- What you should do:
For every line below, restate it exactly and drop the images.

- Data segment:
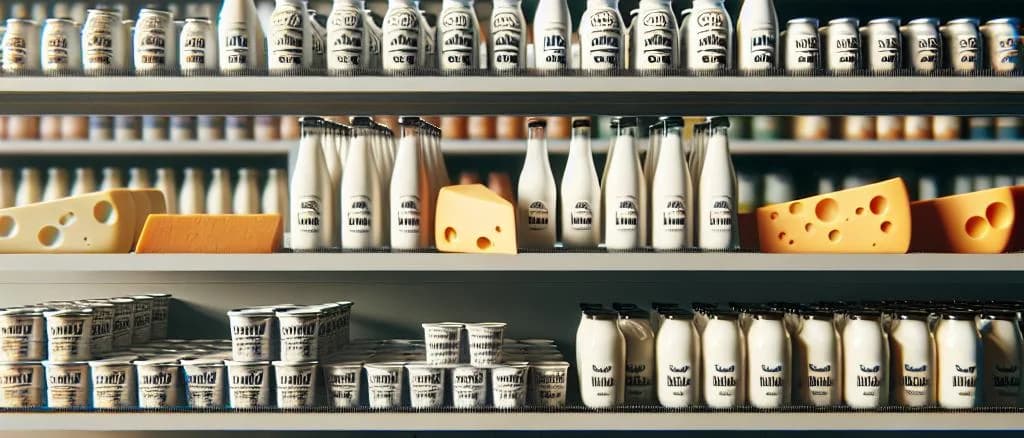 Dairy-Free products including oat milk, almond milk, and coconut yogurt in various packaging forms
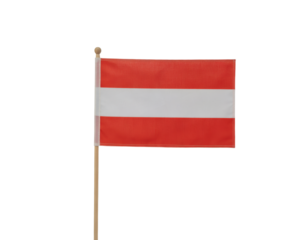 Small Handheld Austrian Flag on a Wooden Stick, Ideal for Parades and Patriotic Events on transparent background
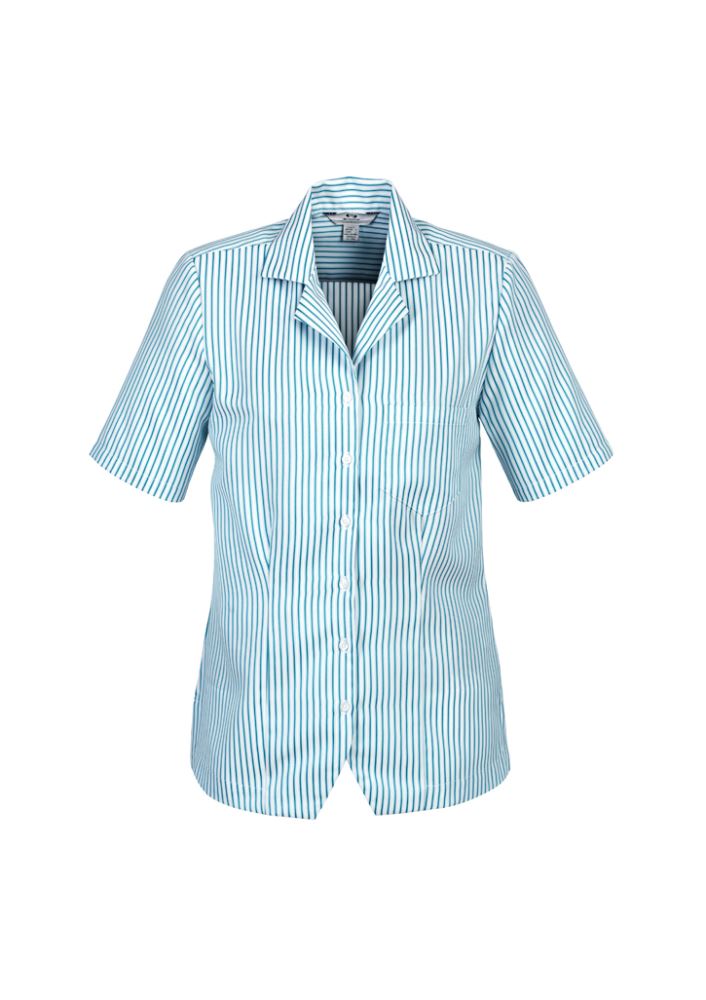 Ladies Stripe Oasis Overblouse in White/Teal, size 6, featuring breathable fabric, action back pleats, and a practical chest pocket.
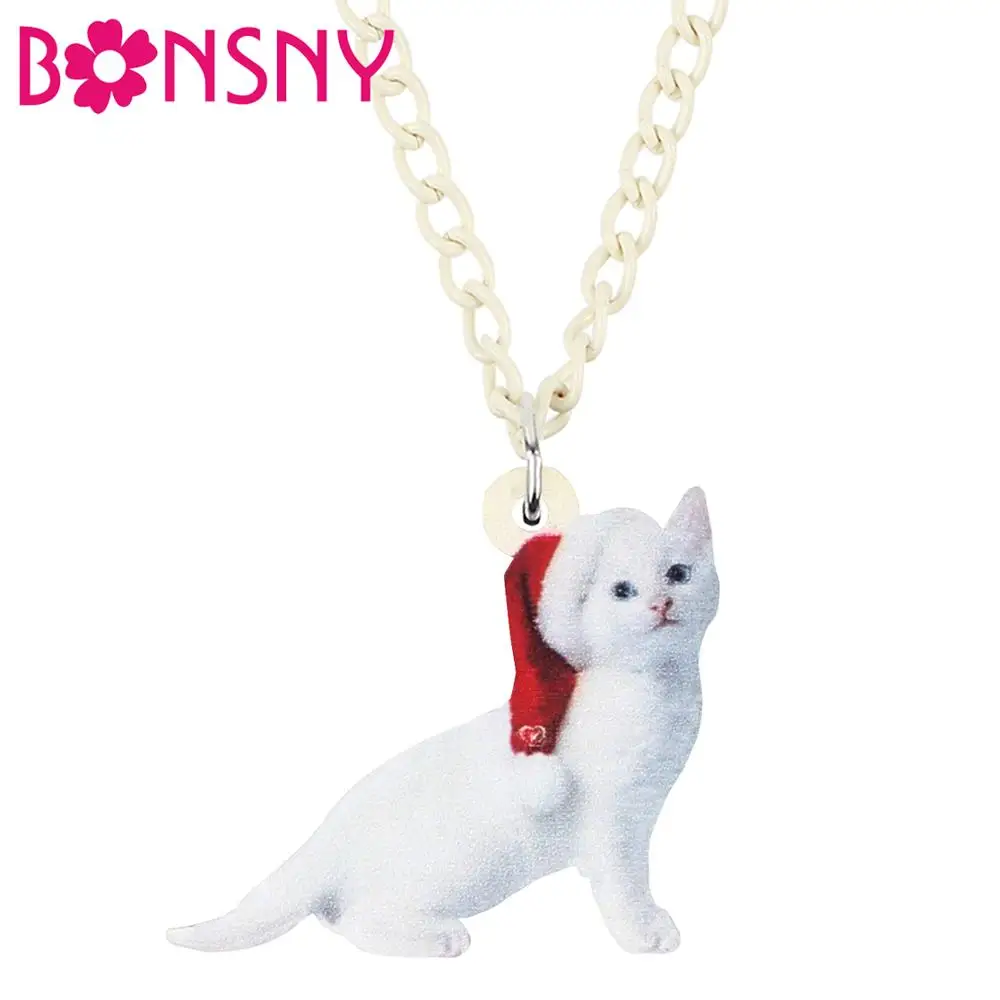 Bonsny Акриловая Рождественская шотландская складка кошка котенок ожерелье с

- Written answer:
 Dairy-Free products including oat milk, almond milk, and coconut yogurt in various packaging forms
 Small Handheld Austrian Flag on a Wooden Stick, Ideal for Parades and Patriotic Events on transparent background
 Ladies Stripe Oasis Overblouse in White/Teal, size 6, featuring breathable fabric, action back pleats, and a practical chest pocket.
 Bonsny Акриловая Рождественская шотландская складка кошка котенок ожерелье с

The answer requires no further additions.